> _Entries supplied_:

--- START ---

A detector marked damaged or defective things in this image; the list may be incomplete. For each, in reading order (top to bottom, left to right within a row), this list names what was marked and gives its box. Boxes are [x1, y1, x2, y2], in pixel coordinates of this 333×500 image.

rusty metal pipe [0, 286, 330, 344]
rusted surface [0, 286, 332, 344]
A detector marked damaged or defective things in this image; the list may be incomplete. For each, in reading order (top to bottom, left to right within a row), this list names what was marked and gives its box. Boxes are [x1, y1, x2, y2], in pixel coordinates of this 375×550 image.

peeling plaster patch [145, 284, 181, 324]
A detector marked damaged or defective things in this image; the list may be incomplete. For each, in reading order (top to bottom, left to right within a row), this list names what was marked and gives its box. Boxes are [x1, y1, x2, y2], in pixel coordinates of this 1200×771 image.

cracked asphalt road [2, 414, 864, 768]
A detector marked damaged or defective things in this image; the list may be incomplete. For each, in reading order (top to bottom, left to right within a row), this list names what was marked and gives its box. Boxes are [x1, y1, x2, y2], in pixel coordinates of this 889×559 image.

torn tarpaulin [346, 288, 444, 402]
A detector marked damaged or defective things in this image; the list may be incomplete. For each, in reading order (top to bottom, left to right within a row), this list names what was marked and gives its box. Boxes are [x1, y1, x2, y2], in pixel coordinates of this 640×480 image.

--- END ---

> _Assignment_: Only the lines from the one containing "this 1200×771 image." through the end of the listing belong in the response, each reproduced exactly.

> _Task result_:
A detector marked damaged or defective things in this image; the list may be incomplete. For each, in reading order (top to bottom, left to right within a row), this list names what was marked and gives its box. Boxes are [x1, y1, x2, y2], in pixel coordinates of this 1200×771 image.

cracked asphalt road [2, 414, 864, 768]
A detector marked damaged or defective things in this image; the list may be incomplete. For each, in reading order (top to bottom, left to right within a row), this list names what was marked and gives its box. Boxes are [x1, y1, x2, y2], in pixel coordinates of this 889×559 image.

torn tarpaulin [346, 288, 444, 402]
A detector marked damaged or defective things in this image; the list may be incomplete. For each, in reading order (top to bottom, left to right within a row), this list names what was marked and gives its box. Boxes are [x1, y1, x2, y2], in pixel coordinates of this 640×480 image.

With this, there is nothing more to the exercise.